Juru Bicara KPK, Budi Prasetyo, mengatakan uang tersebut petugas temukan di ruang pribadi milik Ono Surono.
“Uang tunai yang diamankan dan disita dalam penggeledahan di rumah saudara ONS yang berlokasi di Bandung, kami temukan di ruang pribadi saudara ONS,” ujar Budi di Gedung KPK, Jakarta Selatan, Selasa (7/4/2026).
KPK turut Periksa Istri Ono Surono
Untuk mendalami temuan tersebut, penyidik juga memanggil istri Ono Surono, Setyowati Anggraini Saputro, sebagai saksi.
Kuasa hukum Setyowati, Parlindungan Sihombing, menyebut kliennya mendapat sekitar 16 pertanyaan dari penyidik. Pertanyaan tersebut terkait barang-barang yang KPK amankan dalam penggeledahan di Bandung dan Indramayu.
Sementara itu, kuasa hukum Ono Surono, Sahli, menyampaikan bahwa uang tunai yang KPK temukan di kamar pribadi kliennya sebagai tabungan arisan milik Setyowati.

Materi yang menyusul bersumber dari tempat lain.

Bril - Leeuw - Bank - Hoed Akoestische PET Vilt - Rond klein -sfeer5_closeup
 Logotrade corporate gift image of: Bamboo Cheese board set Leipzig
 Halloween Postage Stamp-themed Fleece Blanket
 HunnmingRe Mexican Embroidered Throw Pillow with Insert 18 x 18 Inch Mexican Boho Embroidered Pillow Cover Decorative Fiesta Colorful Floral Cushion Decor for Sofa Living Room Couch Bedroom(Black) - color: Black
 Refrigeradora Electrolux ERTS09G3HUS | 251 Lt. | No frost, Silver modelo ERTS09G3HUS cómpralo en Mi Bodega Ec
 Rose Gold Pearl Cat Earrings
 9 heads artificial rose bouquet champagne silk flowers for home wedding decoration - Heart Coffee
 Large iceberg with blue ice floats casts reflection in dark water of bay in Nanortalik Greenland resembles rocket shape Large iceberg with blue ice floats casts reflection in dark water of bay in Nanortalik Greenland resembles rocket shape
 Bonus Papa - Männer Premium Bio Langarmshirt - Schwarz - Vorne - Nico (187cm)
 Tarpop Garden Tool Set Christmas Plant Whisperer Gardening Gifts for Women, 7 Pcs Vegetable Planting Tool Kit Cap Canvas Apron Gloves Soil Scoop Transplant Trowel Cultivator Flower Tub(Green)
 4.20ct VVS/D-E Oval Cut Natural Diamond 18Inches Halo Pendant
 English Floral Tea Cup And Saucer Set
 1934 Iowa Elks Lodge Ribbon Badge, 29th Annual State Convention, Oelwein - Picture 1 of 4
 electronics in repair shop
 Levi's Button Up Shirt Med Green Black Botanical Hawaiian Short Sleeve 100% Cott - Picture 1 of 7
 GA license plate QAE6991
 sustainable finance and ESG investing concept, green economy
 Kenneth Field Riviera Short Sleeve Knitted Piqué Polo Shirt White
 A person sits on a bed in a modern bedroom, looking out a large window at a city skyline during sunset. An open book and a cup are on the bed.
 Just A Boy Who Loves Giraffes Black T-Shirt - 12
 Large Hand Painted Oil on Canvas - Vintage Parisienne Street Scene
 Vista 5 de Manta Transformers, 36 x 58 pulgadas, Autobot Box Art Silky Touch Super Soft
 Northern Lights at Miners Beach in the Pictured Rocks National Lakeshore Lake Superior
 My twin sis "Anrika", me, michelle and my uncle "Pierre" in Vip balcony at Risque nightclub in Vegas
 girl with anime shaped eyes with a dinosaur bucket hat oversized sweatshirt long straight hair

KPK Dalami Dugaan Aliran Dana
KPK menegaskan pemeriksaan terhadap Ono Surono adalah untuk mengonfirmasi temuan penyidik dalam rangkaian penggeledahan tersebut.
“Terkait dengan pemeriksaan saksi dimaksud, dikonfirmasi berkaitan dengan temuan-temuan penyidik dalam rangkaian peristiwa penggeledahan,” kata Budi.
Kasus ini berkaitan dengan dugaan suap proyek senilai Rp9,5 miliar yang melibatkan Bupati Bekasi nonaktif Ade Kuswara Kunang dan ayahnya, HM Kunang.
Dalam perkara tersebut, KPK telah menetapkan tiga tersangka, yakni Ade Kuswara Kunang, HM Kunang, serta pihak swasta bernama Sarjan.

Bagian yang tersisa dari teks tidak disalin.